# [Activity]
Word for word, retype the lines from the one containing "A very good" to the one containing "Prep your snacks" below, keeping both end lines and dropping the pictures.

Record extracts START

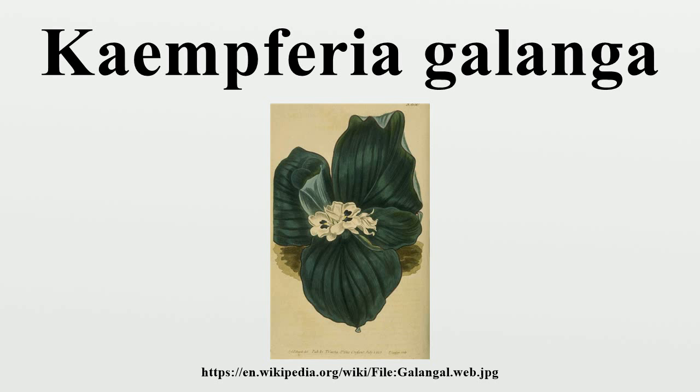The rhizomes of aromatic ginger have been reported to include cineol, borneol, terpinene, camphene, kaempferol, kaempferide, cinnamaldehyde, p-methoxycinnamic acid, ethyl cinnamate, and ethyl p-methoxycinnamate.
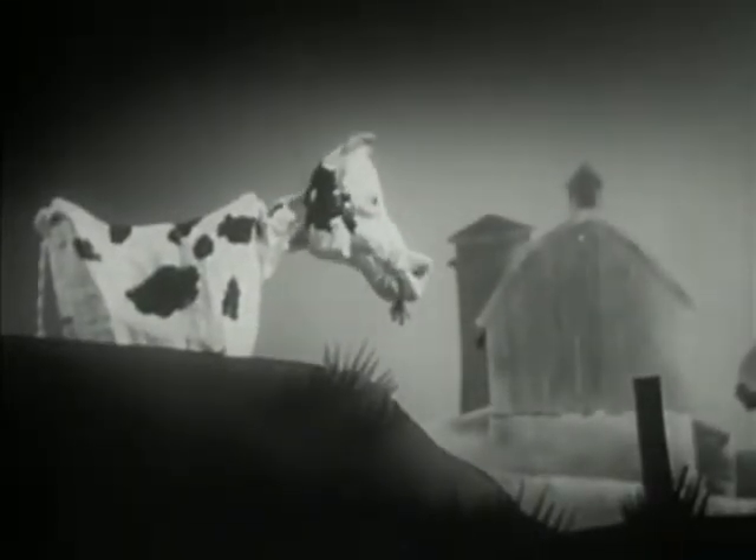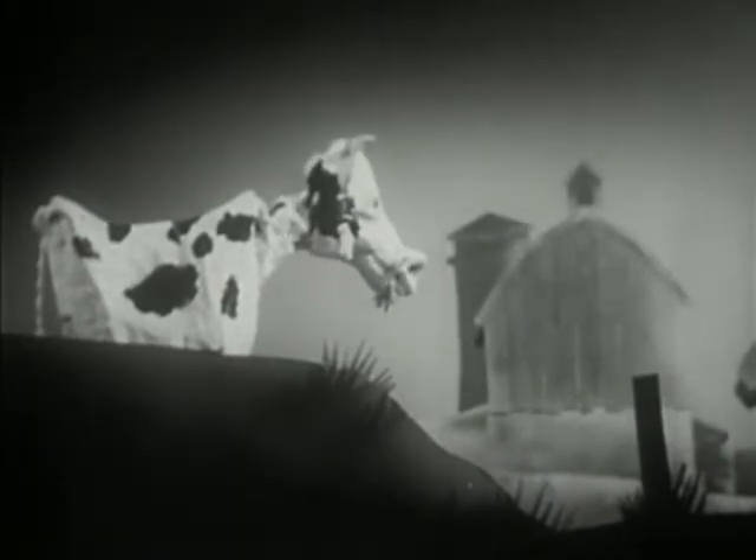In any disaster, your livestock need protection too. In case of nuclear attack, radiation is as dangerous to animals as it is to people.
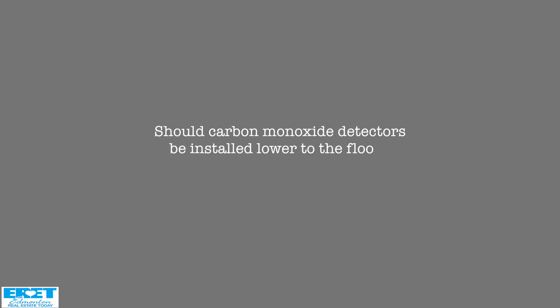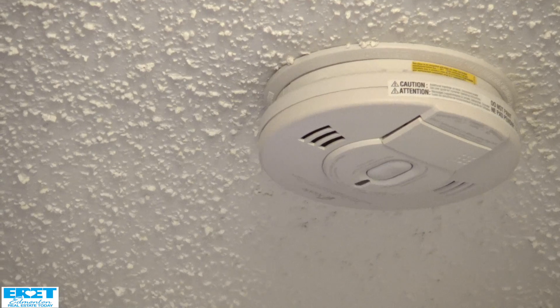Should carbon monoxide detectors be installed lower to the floor? Carbon monoxide alarms do not have to be installed low in the home. Carbon monoxide generally mixes readily with the air, so actually you can have them in a high location and they still operate reasonably well. The buoyancy of carbon monoxide is about 97% that of air.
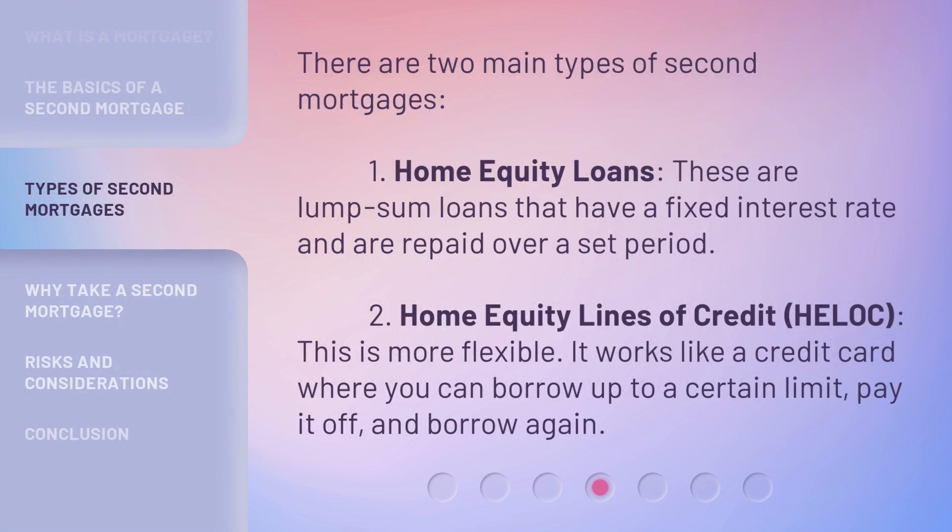There are two main types of second mortgages. One: home equity loans. These are lump sum loans that have a fixed interest rate and are repaid over a set period. Two: home equity lines of credit, or HELOC. This is more flexible — it works like a credit card where you can borrow up to a certain limit, pay it off, and borrow again.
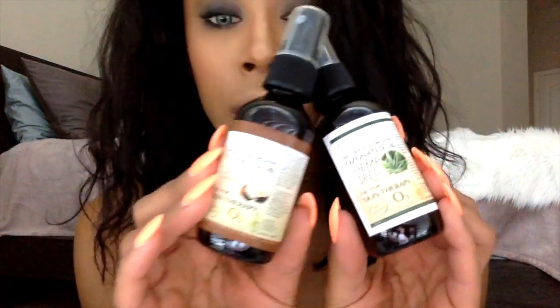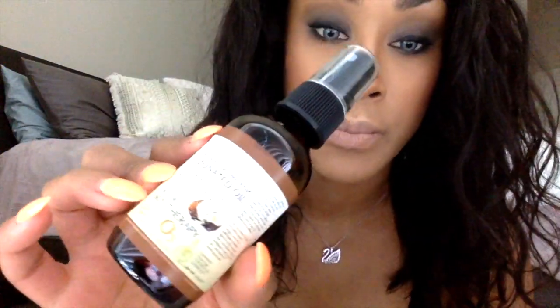These were sent to me by a company called Ozone Factory. There's an ozonated coconut oil for skin therapy, and then this one is a hemp seed oil. Hemp is really popular now and it's supposed to be good for skin conditions and pain — a lot of people are doing CBD and hemp products for that.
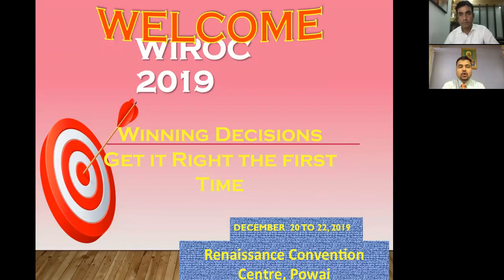A very good evening to all the viewers of this webinar. On behalf of the Bombay Orthopedic Society, I welcome you all to YROC 2019. The conference will be held on December 20th to 22nd at the Renaissance Convention Center. On behalf of the Organizing and Scientific Committee, I urge all of you to kindly register and attend this conference.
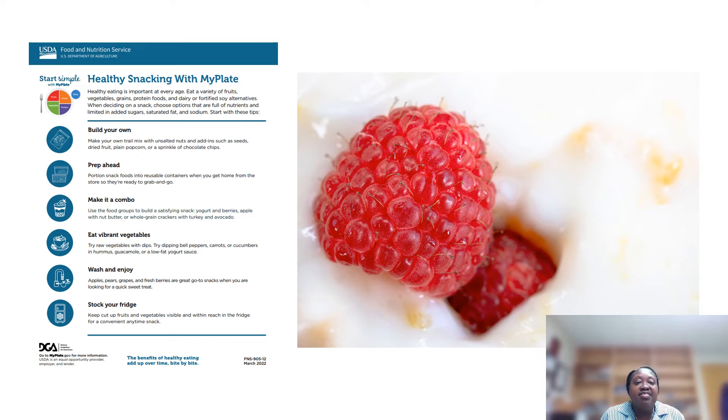Prep your snacks ahead of time so that healthy snacking becomes an easy choice. If it's already prepared and all you have to do is grab it out of the refrigerator, it's going to be easier to choose what's healthier. Keep your fridge stocked with cut-up fruits and vegetables that are visible and within reach — again, it makes healthy snacking the easier choice. Look for combos with your snacks: instead of just eating crackers by themselves, add some type of nut butter. Try to combine two different food groups, like yogurt and fruit, yogurt and berries, or yogurt and apples.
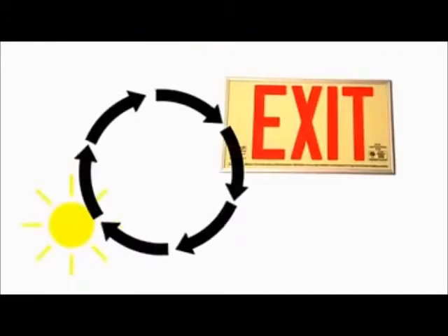It saves energy all day and every day. It recycles available light over and over endlessly.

Record extracts END

# [Reply to the exercise]
A very good evening to all the viewers of this webinar. On behalf of the Bombay Orthopedic Society, I welcome you all to YROC 2019. The conference will be held on December 20th to 22nd at the Renaissance Convention Center. On behalf of the Organizing and Scientific Committee, I urge all of you to kindly register and attend this conference.
Prep your snacks ahead of time so that healthy snacking becomes an easy choice. If it's already prepared and all you have to do is grab it out of the refrigerator, it's going to be easier to choose what's healthier. Keep your fridge stocked with cut-up fruits and vegetables that are visible and within reach — again, it makes healthy snacking the easier choice. Look for combos with your snacks: instead of just eating crackers by themselves, add some type of nut butter. Try to combine two different food groups, like yogurt and fruit, yogurt and berries, or yogurt and apples.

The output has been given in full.